Let me give you a quick recap, if don’t know what I’m talking about. Amazon’s S3 web-based storage service was experiencing widespread issues, leading to the service being either partially or fully broken on websites, apps and devices upon which it relies.
There’s one essential misconception about what happened. Everybody is saying “AWS is down”, but in fact, only 1 out of 14 regions went down. Your services were only affected if your infrastructure is based in the us-east-1 region. What can you do to prepare for the next outage?
1. Active-Active or Active-Passive Failover on Route53
The term Active-Active is not AWS specific and relates to “high-availability”. Basically, it means that the traffic intended for the failed node is either passed onto a working node or load-balanced across the remaining nodes. In our case, the failed “node” might be a whole region or the whole AZ. This approach is somewhat expensive because it requires you to have a full copy of your infrastructure in another region.
The Active-Passive approach is a bit of a cheaper solution. Fully redundant instances are only brought online when their associated primary node fails. Note that this approach also comes with extra time overhead to provision and warm-up your servers.
Luckily, AWS provides a very handy tool to detect this type of failures and automatically re-route whole traffic. It’s called Route53, and by definition, it’s a scalable cloud Domain Name System (DNS) but also comes with some additional features.
Two additional features I’m talking about are “Health Checks” and “Traffic Policies”. We use them often at Netguru. Once Health Check detects that your endpoint is unreachable, it will start routing traffic to a failover endpoint/node.
Configuring such a scheme is fairly simple:
1. Go to Route53 -> Health Checks -> Create health check
2. You should see the following screen:
In the example above, I’m checking if netguru.com is up and running. If three consecutive health checks performed every 30 seconds fail, it should report failure.

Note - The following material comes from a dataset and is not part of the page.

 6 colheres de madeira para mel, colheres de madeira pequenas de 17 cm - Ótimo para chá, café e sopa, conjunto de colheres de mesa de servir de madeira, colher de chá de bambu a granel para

3. The second piece of our scheme is the policy. Go to Route53 -> Traffic Policies and create a new policy.
4. Creating a policy is pretty straightforward. All we need to do is add a Failover Rule and add primary and secondary endpoints, like so:
During the next outage, all your traffic should be redirected to an unaffected node automatically, without your supervision or need to issue explicit commands.
2. Cross-region assets replication
If you aren’t going to use an Active-Active/Passive configuration, you can still use automatic asset replication. Once enabled, every object uploaded to a particular S3 bucket is automatically replicated to a designated destination bucket located in a different AWS region. This is particularly useful in cases similar to the recent outage.
Enabling this feature is also very easy and might save you a lot of money.
1. Head to the bucket that you’d like to replicate
2. Go to Properties. Before enabling cross-region replication, you have to enable Versioning first.
3. Once you’ve done that, you would also need to adjust how your app serves static content. The quickest solution is to write the S3 assets’ hostname (from http://mybucket.s3.amazonaws.com to http://my-backup-bucket.s3.amazonaws.com) in case a particular CloudWatch alarm (in our case, the one associated with health checks) is on.
In conclusion, there indeed are a few things you can do yourself to mitigate such a big outage as the recent one. In other, not so serious cases, things like Multi-AZ deployments should be enough.